- [What you should do] Could the lines from the line bearing "1964 Chevrolet Impala" to the end of the records below be copied exactly, with the pictures left out and no other lines added?

== == ==

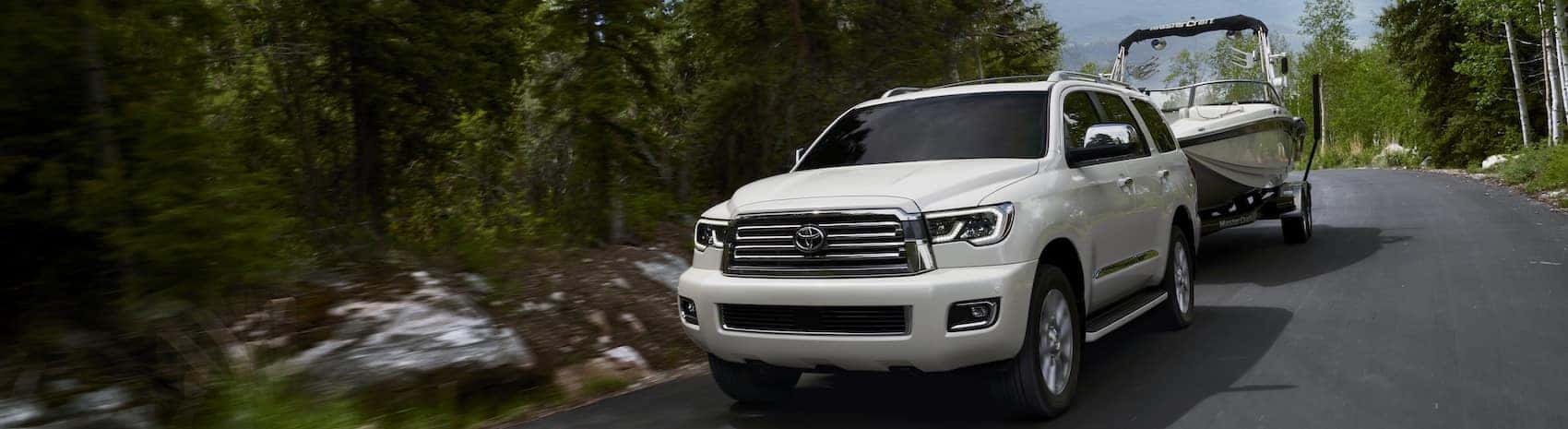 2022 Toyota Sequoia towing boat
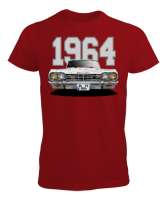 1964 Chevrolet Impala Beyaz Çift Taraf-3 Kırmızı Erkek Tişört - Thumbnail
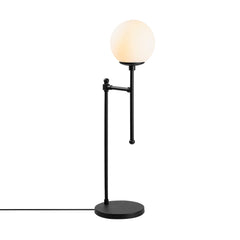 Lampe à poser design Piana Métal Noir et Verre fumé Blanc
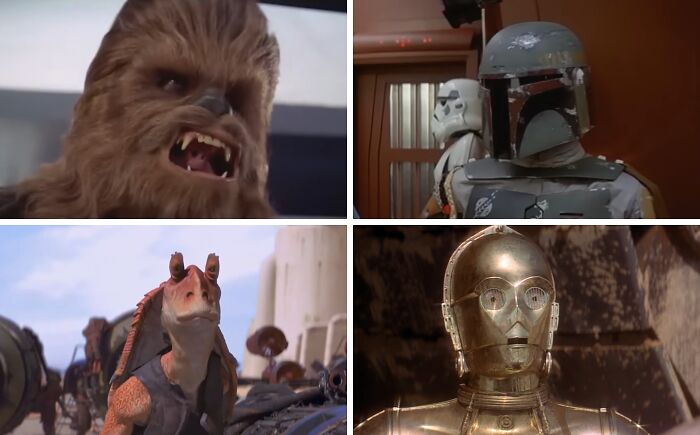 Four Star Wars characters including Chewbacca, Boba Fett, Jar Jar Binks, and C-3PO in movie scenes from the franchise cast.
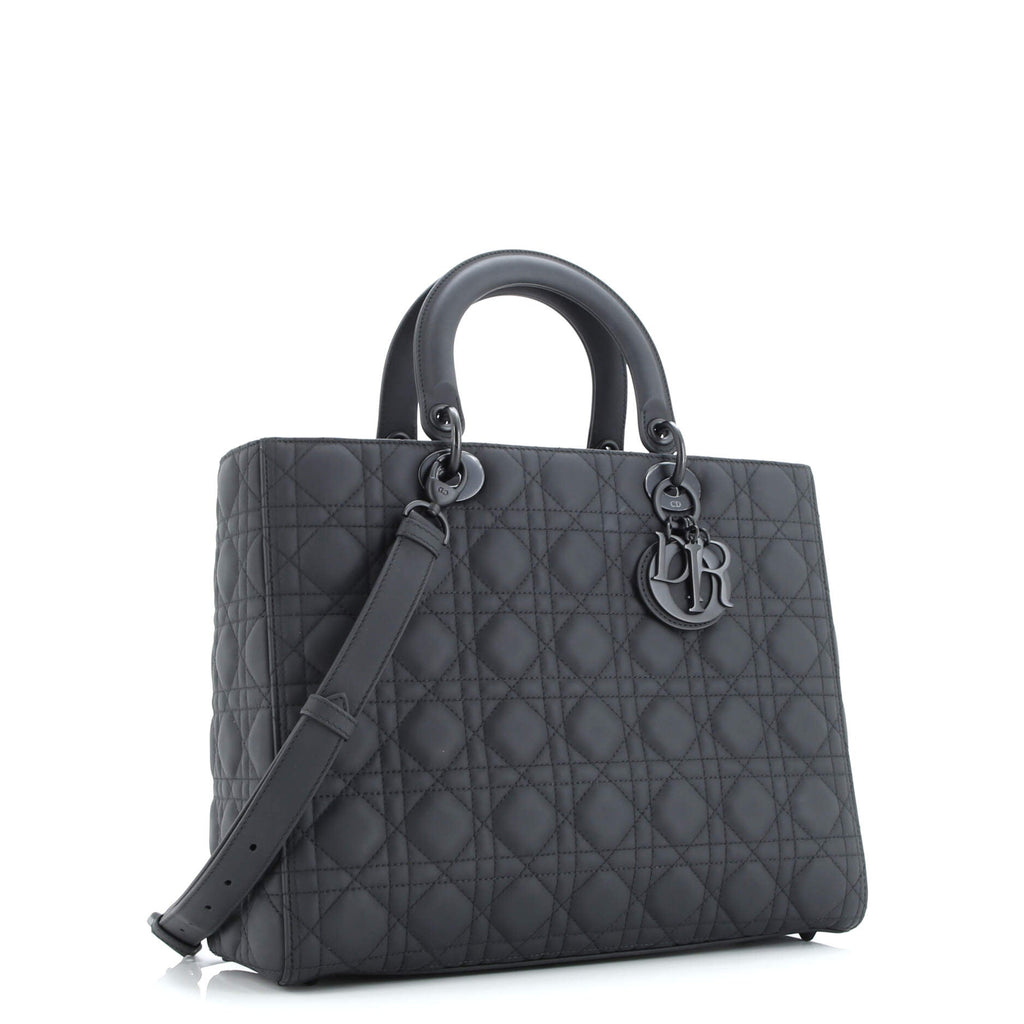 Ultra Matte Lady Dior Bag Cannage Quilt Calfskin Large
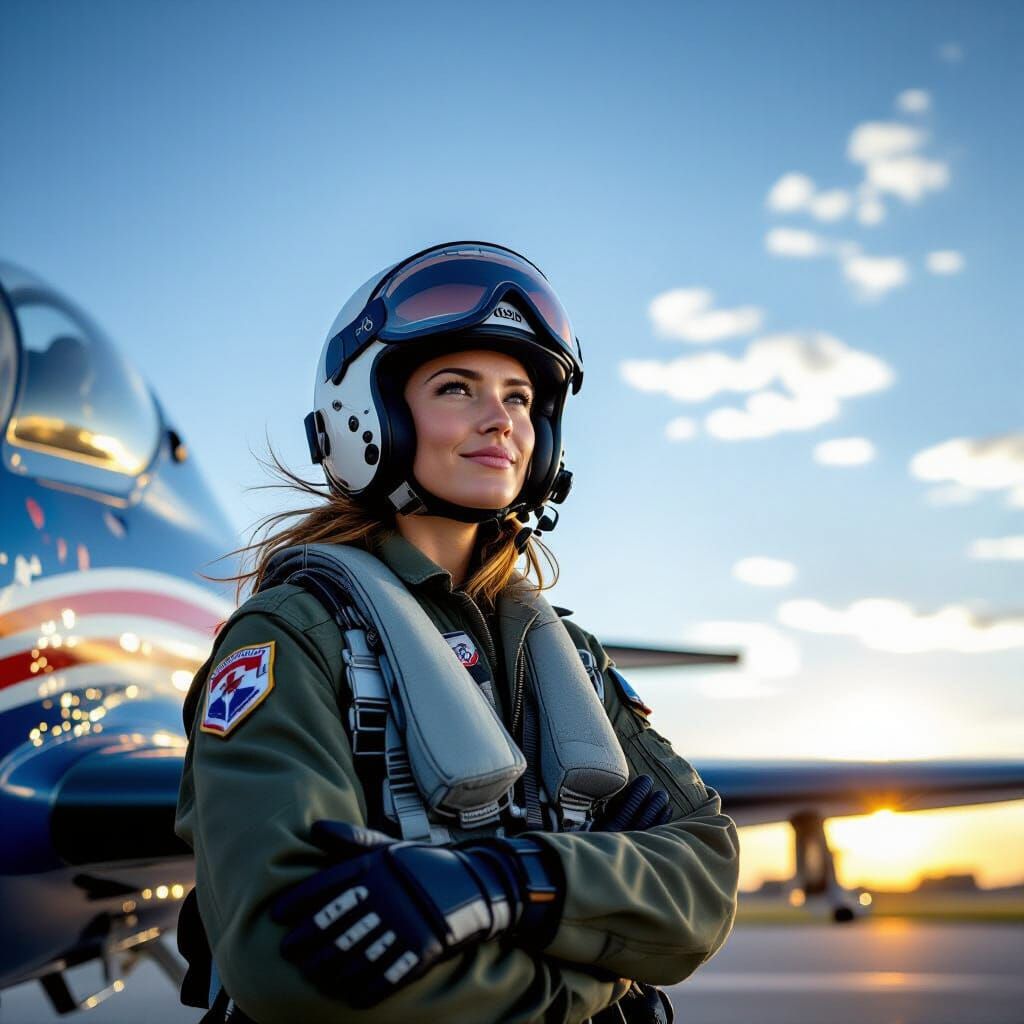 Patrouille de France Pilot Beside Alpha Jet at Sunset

== == ==

- [Answer box]
 1964 Chevrolet Impala Beyaz Çift Taraf-3 Kırmızı Erkek Tişört - Thumbnail
 Lampe à poser design Piana Métal Noir et Verre fumé Blanc
 Four Star Wars characters including Chewbacca, Boba Fett, Jar Jar Binks, and C-3PO in movie scenes from the franchise cast.
 Ultra Matte Lady Dior Bag Cannage Quilt Calfskin Large
 Patrouille de France Pilot Beside Alpha Jet at Sunset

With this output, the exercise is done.